Friday, August 11, 2006

Tonight...

Well, the VBS is just about over. All that's left is the wrap-up session/party. Mmm, hot dogs! As Captain Cooky's partner, First Mate Brad Krumbs would say: "FOOOOOOOOD!"

Blog Snob? No. Newbie? Maybe...

I didn't know blogging could be so hazardous.

Last night, I was called two names, that I cannot remember ever being called before. The worst part of this is, that one of the names came from my wonderful (usually), loving (always), beautiful (forever) wife!

She was IMming (sp?) with one of her friends, and the subject of "Squid on the grill" came up. I'm sure everybody talks about that on a regular basis. I do, as my kids will testify. Anyway, my wonderful (usually), loving (always), beautiful (forever) wife directed her to my blog. The friend tried to leave a comment, but was foiled in her attempt, as I had neglected to set-up the comments section correctly.

So, according to the friend, I am now a "Blog Snob". I heartily object to this.

My wife came to my rescue, labelling me as a "Newbie" instead.

Well, maybe it's my ego talking, but I am usually very good with computers. I just haven't had much time to play around with my blog yet. Not that I even needed or wanted one. VBS has been taking up all my spare time. Oh, by the way, Captain Cooky remembered (most) of his lines quite well!

If I turn off the ego, I guess that I could be called a "Newbie". But "Blog Snob"? I don't think so. If you disagree, go ahead and leave a comment - I fixed the problem.

Saturday, August 05, 2006

Countdown to VBS - T minus 1 day

I'm involved in our church's VBS (Vacation Bible School) this year. OK, technically, I was last year too, but the extent of my duties was to cajole my shy four-year-old son to participate. Anyway, this year, I have the lead role in the nightly skit. Ladies and Gentlemen, may I introduce Captain Chris P. Cookie!

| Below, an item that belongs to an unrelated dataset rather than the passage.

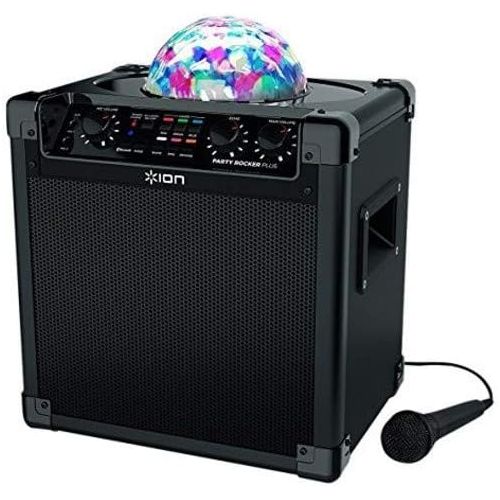  [아마존베스트]ION Audio Party Rocker Plus | Portable Bluetooth Party Speaker System & Karaoke Machine with Built-In Rechargeable Battery, App-Controlled Party Light Display & Microphone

I'm supposed to be learning my lines.
I have a lot of lines.
I don't know my lines.
VBS starts tomorrow.

Did you ever have to do something that you really have to do, but don't want to? If you're like me, you can get very creative in finding new and interesting ways to not do what you should be doing in a "doing it" kind of way.

For example:

  • Highlighting everything you can because that will make it easier (actually learning the lines would be more productive.)
  • Playing a computer game (just one game, that will help clear my mind.)
  • Doing something else you've been putting off (I really must finish putting up that shelf.)
  • Blogging about it.

Well, that's where I am right now. The aforementioned Captain Cookie's Great-Great-Grandaddy Cookie was shipwrecked in a storm. Let's hope that Captain Cookie doesn't suffer the same fate on stage!

Anyway, I'd better get back to it. I just need to highlight my lines in skit three first. Then maybe just one more game, just to clear my mind. Oh, and I really need to finish wiring my workshop lights. Wait a sec, my blog template needs work.

I'm in big trouble.

I don't need a blog....

...but my wife thought that I should have one, so here it is!